(Beginning of Supplied records)

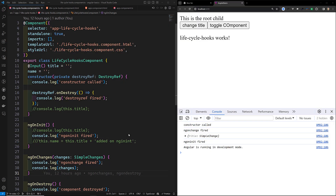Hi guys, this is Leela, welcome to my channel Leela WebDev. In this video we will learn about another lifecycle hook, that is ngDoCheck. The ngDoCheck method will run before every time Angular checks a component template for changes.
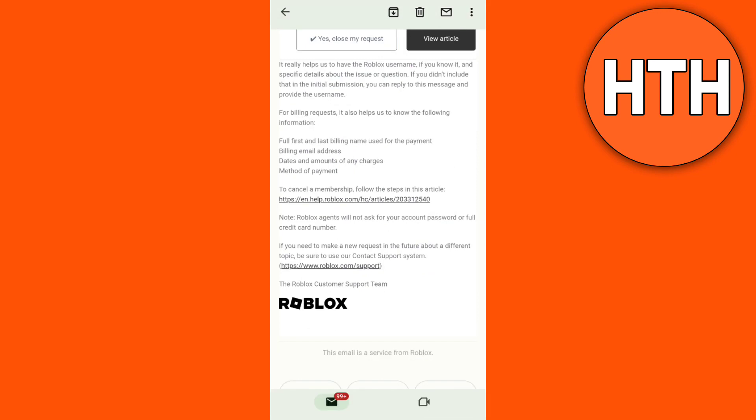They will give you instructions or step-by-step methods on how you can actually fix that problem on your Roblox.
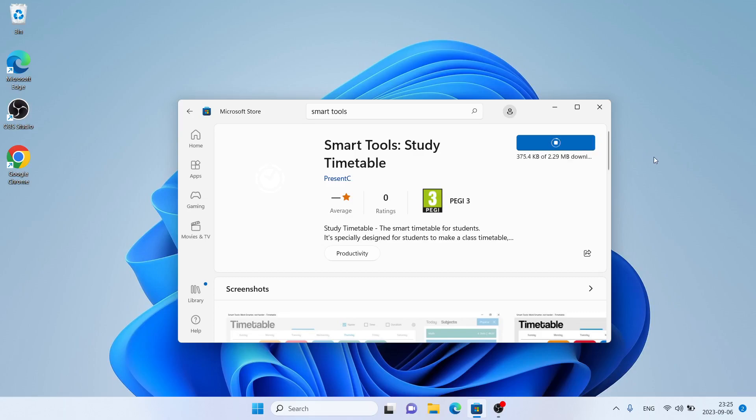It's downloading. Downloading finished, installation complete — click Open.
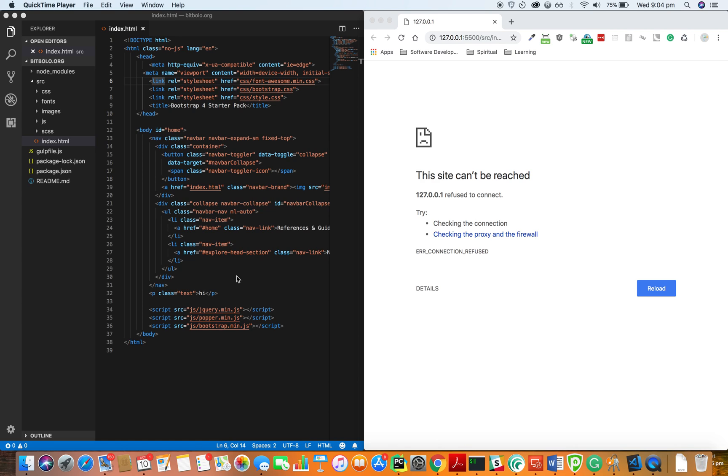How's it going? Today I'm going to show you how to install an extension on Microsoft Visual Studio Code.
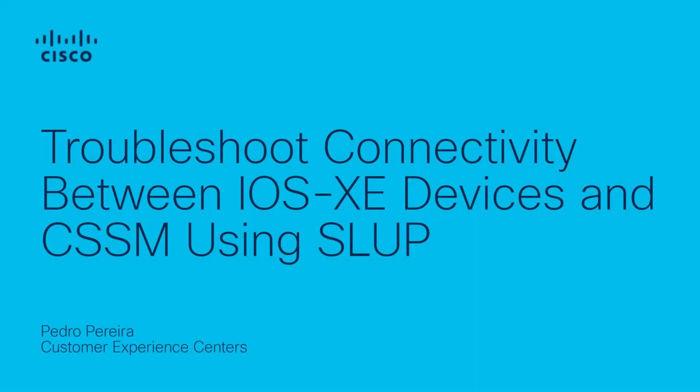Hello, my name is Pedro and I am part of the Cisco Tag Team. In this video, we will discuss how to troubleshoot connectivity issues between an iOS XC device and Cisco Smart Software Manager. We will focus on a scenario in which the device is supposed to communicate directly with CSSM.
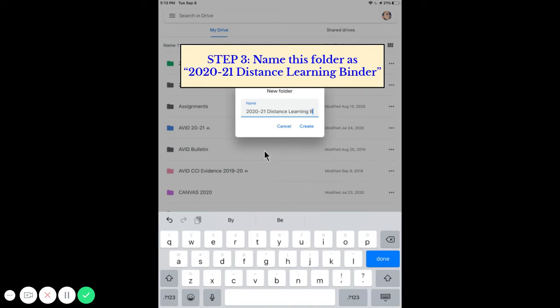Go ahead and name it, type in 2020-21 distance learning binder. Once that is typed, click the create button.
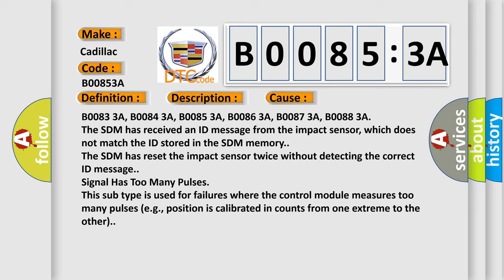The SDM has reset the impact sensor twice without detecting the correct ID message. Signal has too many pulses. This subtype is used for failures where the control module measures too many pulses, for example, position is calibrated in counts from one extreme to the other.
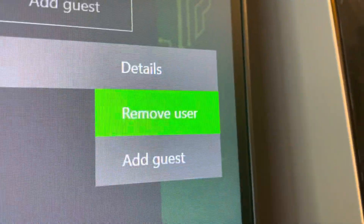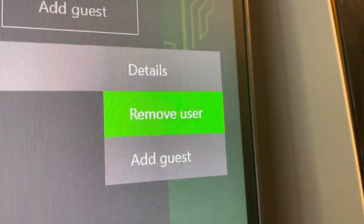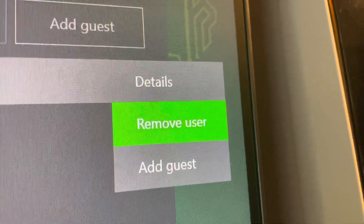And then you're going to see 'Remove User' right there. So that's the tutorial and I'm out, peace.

(End of Supplied records)

Work item → Leaving out the pictures, please output the lines in the entries above from the one with "Hello, my name" through the one with "Go ahead and", exactly as they are.

Answer →
Hello, my name is Pedro and I am part of the Cisco Tag Team. In this video, we will discuss how to troubleshoot connectivity issues between an iOS XC device and Cisco Smart Software Manager. We will focus on a scenario in which the device is supposed to communicate directly with CSSM.
Go ahead and name it, type in 2020-21 distance learning binder. Once that is typed, click the create button.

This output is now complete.